MAIS ANOS 80 E STEPHEN KING...

★★★★★★★★☆
Título: It
Ano: 2017
Gênero: Horror, Suspense, Fantasia, Aventura
Classificação: 16 anos
Direção: Andy Muschietti
Elenco: Bill Skarsgård, Jaeden Lieberher, Jeremy Ray Taylor, Sophia Lillis, Finn Wolfhard, Jack Dylan Grazer, Nicholas Hamilton
País: Estados Unidos, Canadá
Duração: 135 min.

SOBRE O QUE É O FILME?
Um grupo de crianças se unem para tentar impedir um monstro disfarçado de palhaço de machucar e raptar outras crianças.

O QUE TENHO A DIZER...
A primeira adaptação de It foi feita para a televisão em 1990, quatro anos após o lançamento do livro homônimo de Stephen King. Foi uma minissérie de dois episódios, divididos tal como o livro. Levando a alcunha de Uma Obra Prima do Medo no Brasil, as pessoas se arrepiavam apenas em ver a caixa do VHS duplo nas prateleiras das locadoras. É considerado um clássico do horror, assim como é o livro. Pode soar prepotente intitulá-lo como uma obra prima, mas se analisarmos Pennywise e a sua função na história, o significado não parece tão distante, já que ele existe e se alimenta dos mais profundos medos, e só construindo todo esse cenário com magnitude que ele conseguirá isso. Logo, "uma obra prima do medo" não seria, necessariamente, sobre a obra em si, mas sobre o personagem e a sua função na história.

É claro que a versão de 1990 hoje em dia pouco assusta, e causa mais risos do que medo por conta, principalmente, da evolução narrativa que ocorreu no cinema ao longo dos anos e a mudança drástica daquilo que hoje consideramos terror, onde o gênero aos poucos foi se tornando mais explícito e chocante, deixando de lado a técnica. A sutileza foi substituída pelo banho de sangue, e os efeitos práticos pelos digitais. Hoje em dia filmes de terror agora só lidam com exorcismos exagerados, contos sobrenaturais cheios de efeitos especiais, ou o abuso do gore para ser chocante de maneira fácil.

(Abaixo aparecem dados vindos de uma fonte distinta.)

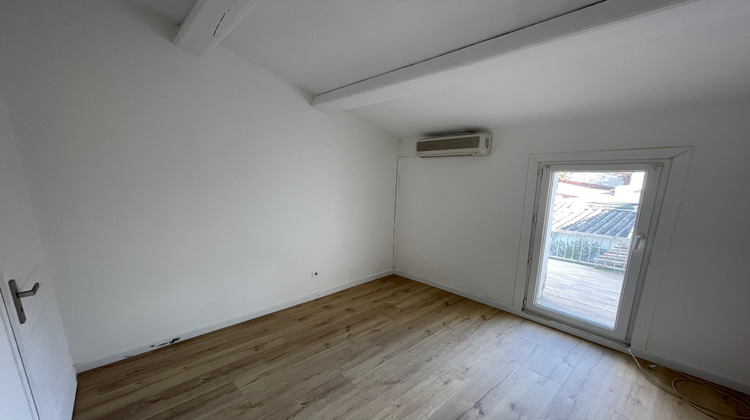 Ma-Cabane - Location Maison Marseille, 48 m²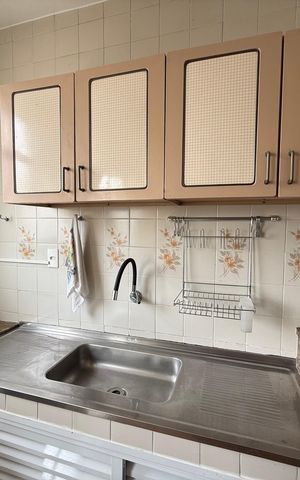 Apartamento à venda com 65m², 2 quartos e sem vaga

O terror imediatista, assim como tudo tem sido na última década.

O público se desacostumou com o terror de vanguarda, aquilo de causar arrepio na espinha, de deixar a gente tenso na poltrona apenas com o uso adequado da câmera, do som, e da expectativa. Por isso que muitas vezes, nessa nova versão, por mais que o diretor e o roteiro tente apelar para o terror mais visual e sangrento, muita gente saiu do cinema com a sensação de ser muito mais um filme de aventura do que algo assustador. De fato, ele é um pouco dos dois, e foi intencional, mas não deixa de ser um filme horripilante, ou creepy, como diriam os norteamericanos.

O livro, uma bela bitola de mais de mil páginas, é cheias dos mais ricos detalhes que apenas King consegue fazer, e corajoso aquele que conseguir devorá-lo. Primeiro pela sua extensão narrativa, e segundo porque realmente é assustador assim como os demais grandes clássicos do autor, como Carrie, O Iluminado, Cemitério Maldito e Christine, apenas como exemplos.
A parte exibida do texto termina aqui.